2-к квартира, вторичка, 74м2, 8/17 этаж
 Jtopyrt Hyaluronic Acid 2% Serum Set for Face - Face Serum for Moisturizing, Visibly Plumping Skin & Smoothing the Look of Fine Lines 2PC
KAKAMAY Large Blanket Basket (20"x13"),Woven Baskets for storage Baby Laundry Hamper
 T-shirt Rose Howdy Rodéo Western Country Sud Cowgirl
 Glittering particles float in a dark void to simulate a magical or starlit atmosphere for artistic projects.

____

**What you need to do**
Extract, word for word, each line of the listing above.

**Solution for this task**
2-к квартира, вторичка, 74м2, 8/17 этаж
 Jtopyrt Hyaluronic Acid 2% Serum Set for Face - Face Serum for Moisturizing, Visibly Plumping Skin & Smoothing the Look of Fine Lines 2PC
KAKAMAY Large Blanket Basket (20"x13"),Woven Baskets for storage Baby Laundry Hamper
 T-shirt Rose Howdy Rodéo Western Country Sud Cowgirl
 Glittering particles float in a dark void to simulate a magical or starlit atmosphere for artistic projects.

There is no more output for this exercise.